Might be worth distinguishing three categories of Parsoid APIs; I'm going to make up @tags for them:

  • For use by Extensions: @stable-ext
  • For use by core: @internal-core
  • For use by parsertests @internal-tests
  • For use by the REST API @internal-rest

The first category is closest to @stable in core's Stable Interface Policy, since there are third parties involved so deprecation/waiting a release cycle/etc is probably warranted.

The second and third categories are more like @internal in core's Stable Interface Policy -- they can be changed without extensive deprecation etc, but I think we still want a little bit of control/enforcement over what exactly is used here to reduce the possibility of unintentional breakage in production.

The last category is perhaps the hardest, since historically the REST API was part of Parsoid, not core, and might want more internal access to Parsoid that otherwise warranted. Daniel has talked about pulling this API into an extension, though. It seems like this *might* warrant a separate marking, since methods exported for use by the REST API may not be appropriate for general third party use.

Going through subbu's list:

The *\Config\* stuff is obviously meant to be used by core, but probably not meant to be used by extensions except possibly via the MediaWiki service which supplies it. (But maybe not even then.) @internal-core

The *\DOM\* stuff is similarly meant to be used, so should probably just be added to the stable interface policy. @stable

There's a bunch of stuff in ParserTests which is intended to be used *in dev mode only* (ie for running tests) but not for production code. I'm not sure how to enforce that, exactly. We used to keep the parser test stuff in the composer -dev path, but that didn't work with how CI was running tests for some reason. Needs investigation. @internal-tests

The troublesome bits are the stuff in *\Utils\*. I can't tell if that's more incidental use in parser tests (which is /probably/ ok?) or more subtle dependencies between core and Parsoid (perhaps in the REST API?). I think we'd already talked about moving DOMUtils/DOMCompat to Core (or to a separate library). But the other stuff probably needs closer examination.

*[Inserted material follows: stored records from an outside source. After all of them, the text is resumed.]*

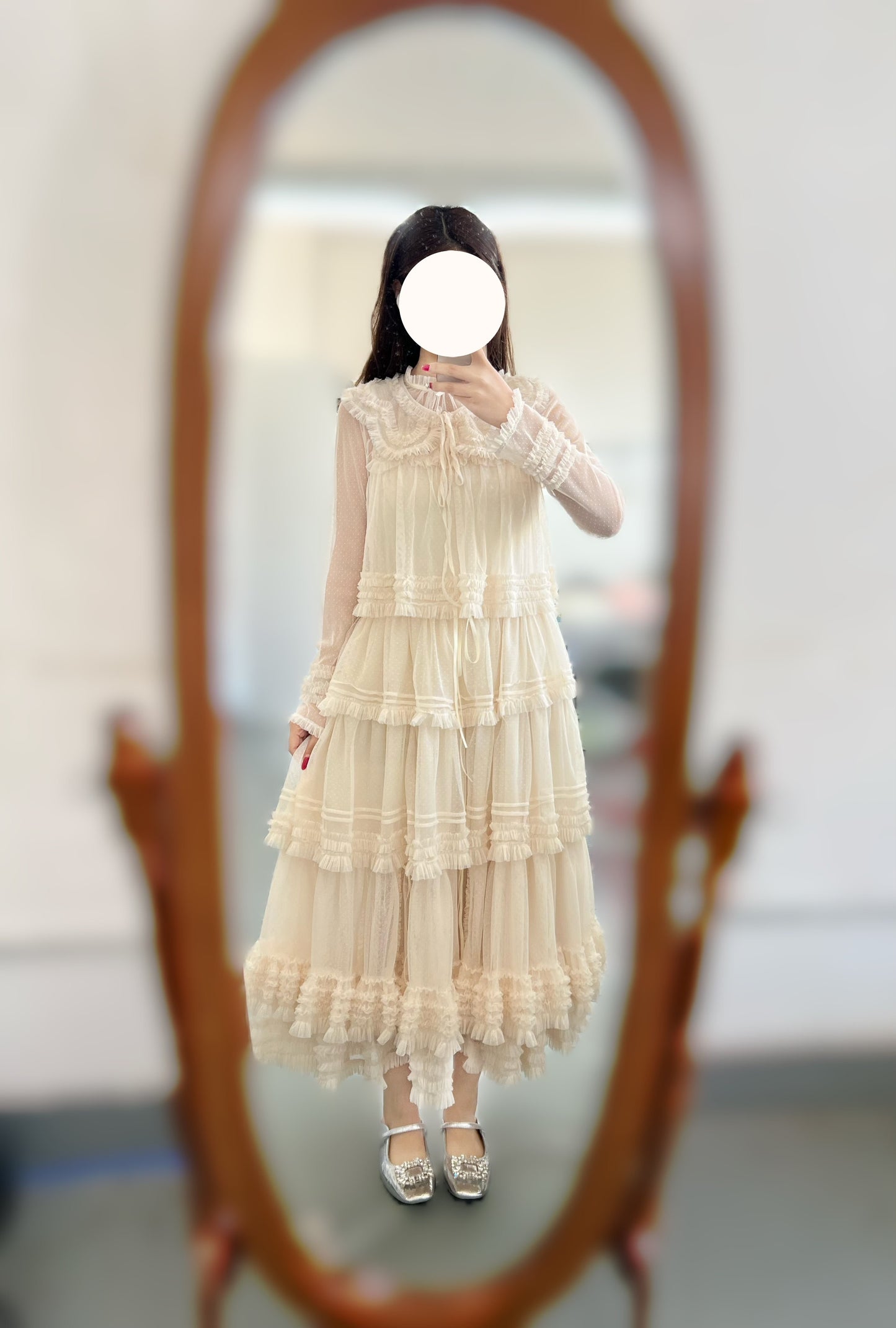 Gepunktetes Tüll-Stufenkleid (110 cm) [Nan'i Western Clothing]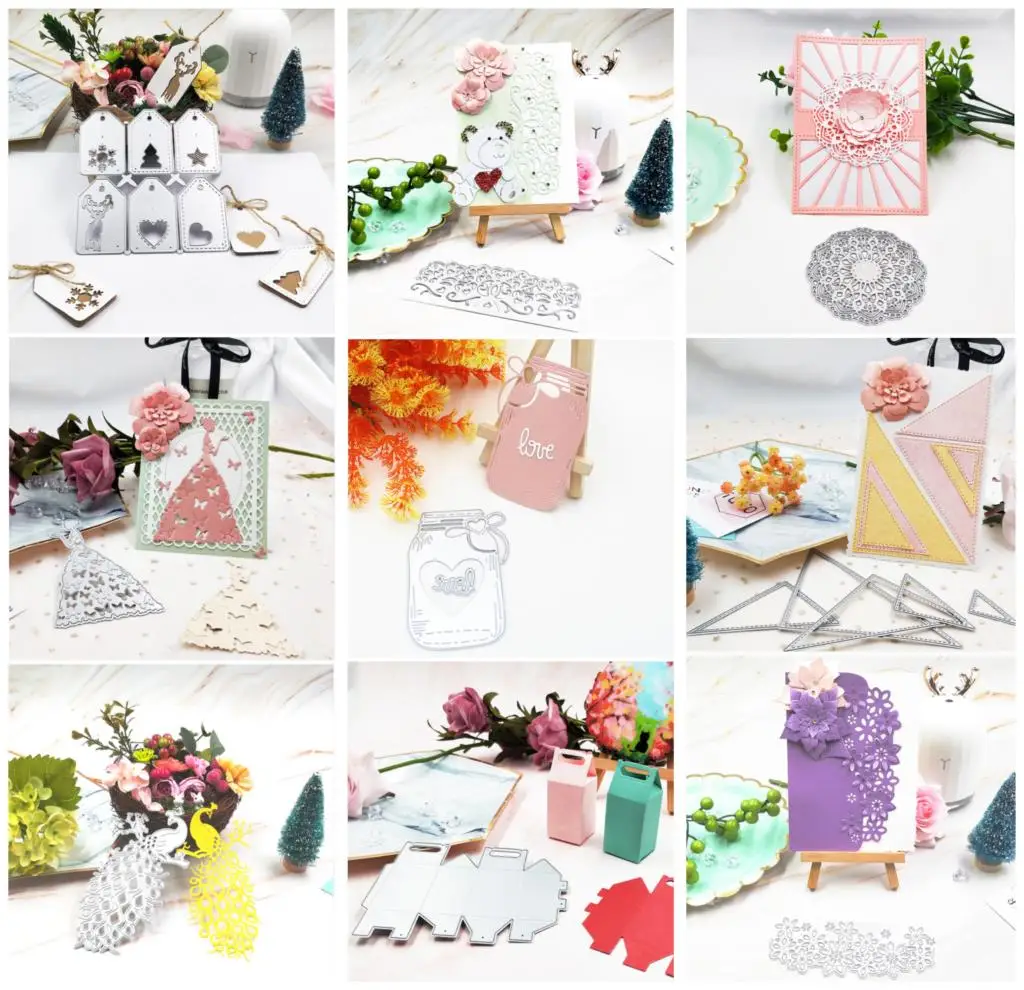 

Metal Cutting Dies Circle Frame Cards Die Cuts Stencils For DIY Scrapbooking Embossing Paper Wedding Photo Album Making Craft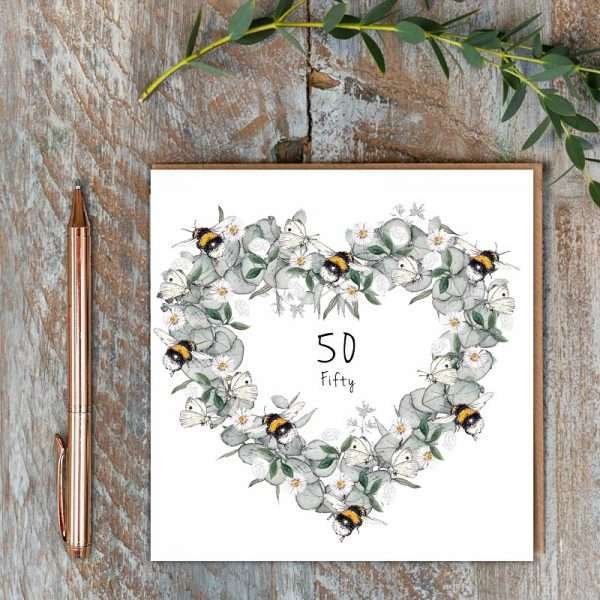 Bees and Eucalyptus 50th Birthday Card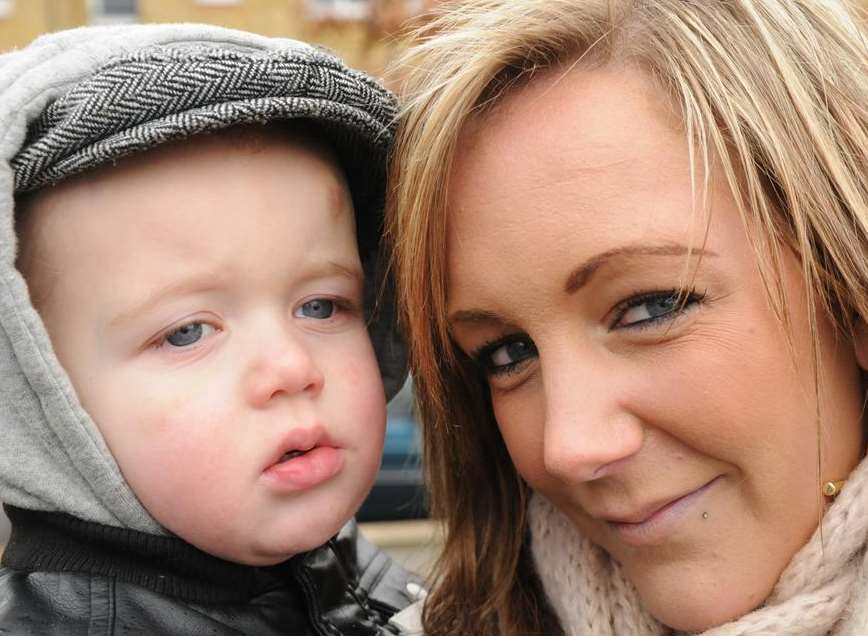 Kayleigh Duff with son Kai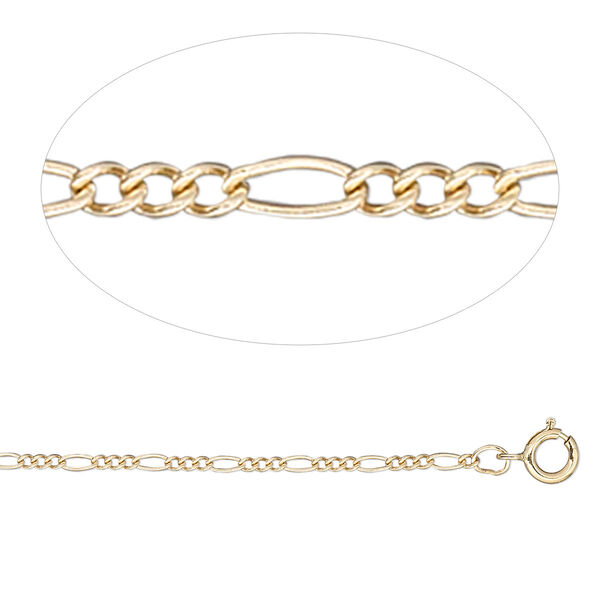 Chain, 14Kt gold, 1.3mm beveled figaro, 20 inches with springring clasp. Sold individually. image number 0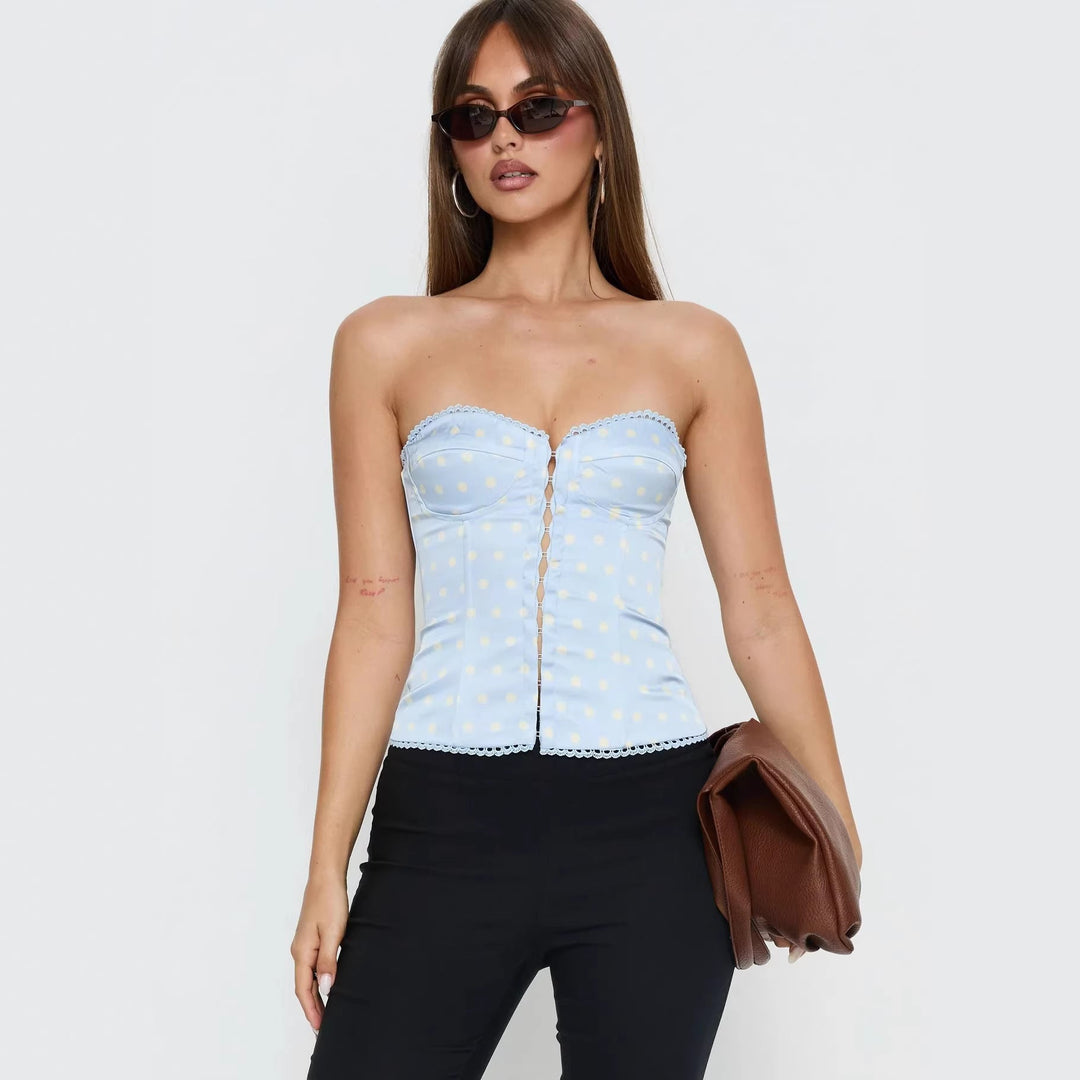 Damen Korsettoberteil mit niedlichem Punktedesign und dekorativen Knopfdetails Nord Taschen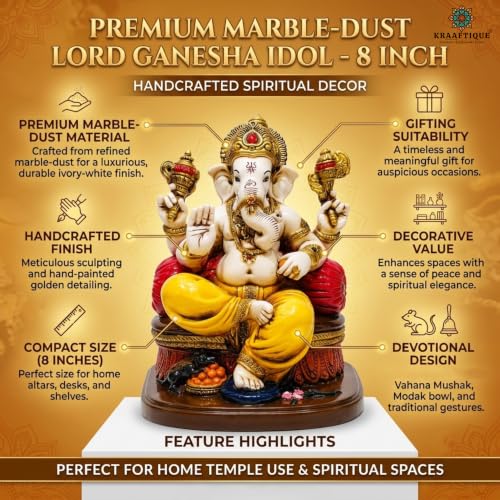 Image of Marble Singhasan Ganpati Idol 8.5 Inch | Lord Ganesha Showpiece for Home Temple, Office Desk, Living Room, Pooja Room | Multicolor Glossy Decorative Statue & Spiritual Gift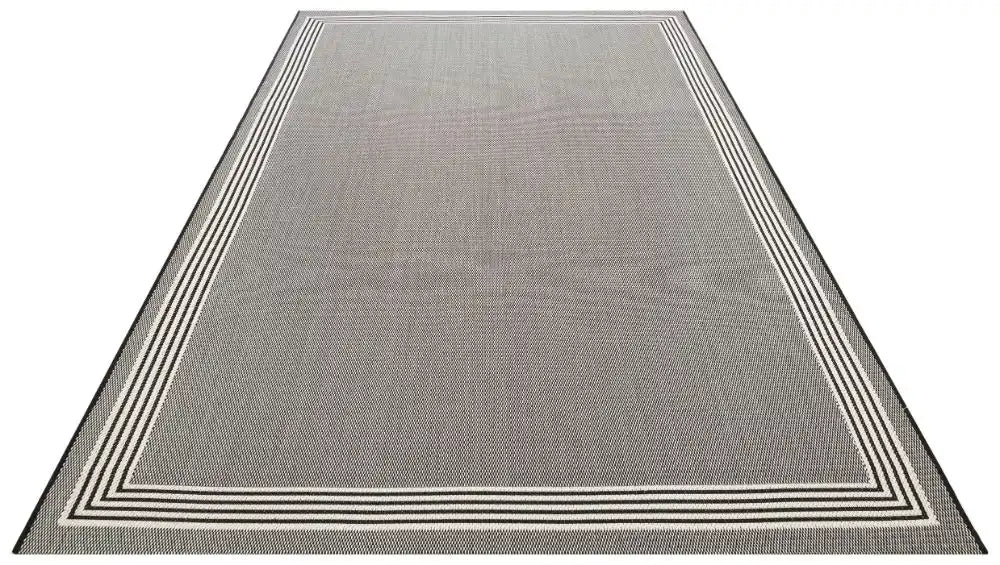 Nourison terrazo trz02 black Black Outdoor  Flat Weave Rug.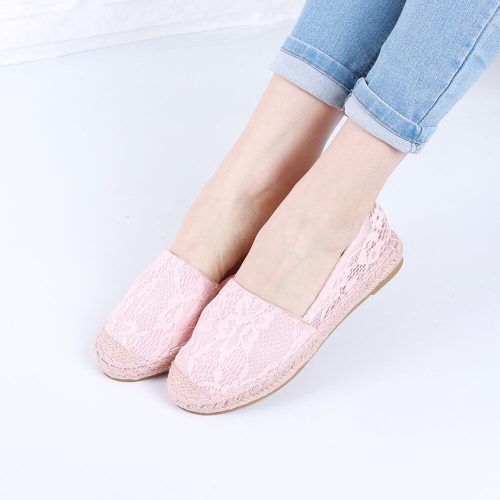 Női rózsaszín csipkés belebújós utcai cipő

Just as a quick add-on -- I think the real blocking child task here is to configure CI (phan?) to enforce some of these guidelines. If we want to have fine-grained stability markers ("some methods in Util are @stable and some are @internal") instead of the big-hammer "everything in this namespace is @stable") then we need some tooling support.